In his superb book Command in War, Martin Van Creveld shows that headquarters structures have merely responded to the expansion and complications of modern war. The communications and logistics established to deal with the growing complexity and specialization of war in the information age have added another source of specialization and complexity. Command structures that were inadequate to deal with irregular warfare in Vietnam have been challenged even more by modern wars among the people in Afghanistan and Iraq. And attempted cures always seem to worsen the disease. There never seem to be enough intelligence analysts or planners, and the deficiencies in planning and preparing for operations after major combat in both Afghanistan and Iraq are well documented. After all, headquarters are the brains of a military organization.
Still, there are some efficiencies to be gained within headquarters. Redundancies can be addressed, though usually only with the loss of desired resiliency. There appears to be some over-grading, such as with special operations billets in geographic combatant commands. But declaring an exorbitant mandatory percentage of cuts ensures that capabilities eliminated will have to be reconstituted under fire with untrained personnel and uncoordinated teams, even though staffs must be just as well trained and cohesive as the field units they serve. The alternative, replacing military staff with civilians or contractors, leaves much to be desired in both performance and cost. In general, the military’s attempts to reduce its “tooth-to-tail” ratio have simply created a wider array of tail feathers or resulted in a smaller work force inadequately covering the same workload.
Every American war has required expansion of headquarters to meet new exigencies.
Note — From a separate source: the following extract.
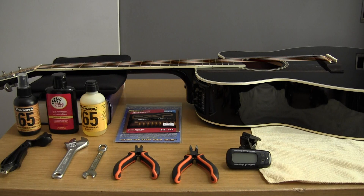Greetings all, Bruno Luce here with GLB Productions. Thanks for joining us for this video. Today we're going to look at the very popular subject: how to change strings on your acoustic guitar.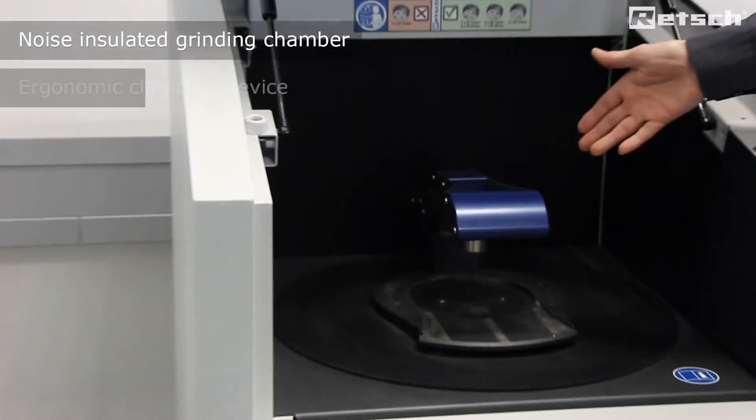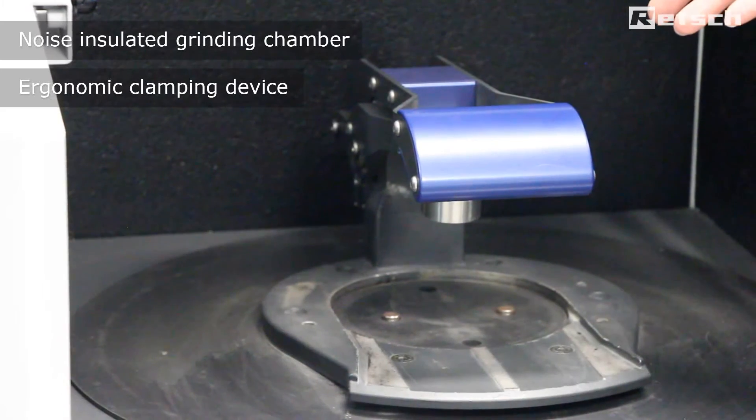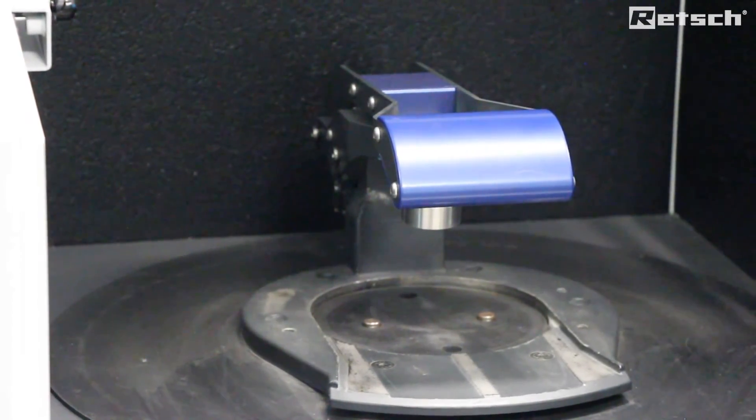The instrument is also supplied with an ergonomically designed clamping device for clamping the grinding elements. Furthermore, the instrument is supplied on four casters, the front two of which are lockable.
In the current round of service cutbacks, we must ensure that we are not exacerbating the problem by eliminating capabilities we already know we will need in the future. Headquarters reductions deserve the same careful consideration as proposals to eliminate combat forces. No secretary of defense would arbitrarily assign services to cut 20 percent of combat units. Staff positions should be treated the same way.
Conrad Crane is Chief of Historical Services for the Army Heritage and Education Center at the Army War College. A retired Army officer with a Ph.D. from Stanford, he is best known as the lead author for the 2006 Army and Marine Corps counterinsurgency manual. His book about creating and applying that doctrine, Cassandra in Oz, will be published in the spring by Naval Institute Press.
John Bonin is Professor, Concepts and Doctrine for the Army War College. He is a retired Army colonel with a Ph.D. from Temple. He is the lead author of Joint Publication 3-31, Command and Control of Joint Land Operations, as well as author of Unified and Joint Land Operations: Doctrine for Landpower, published for The Land Warfare Papers, August 2014.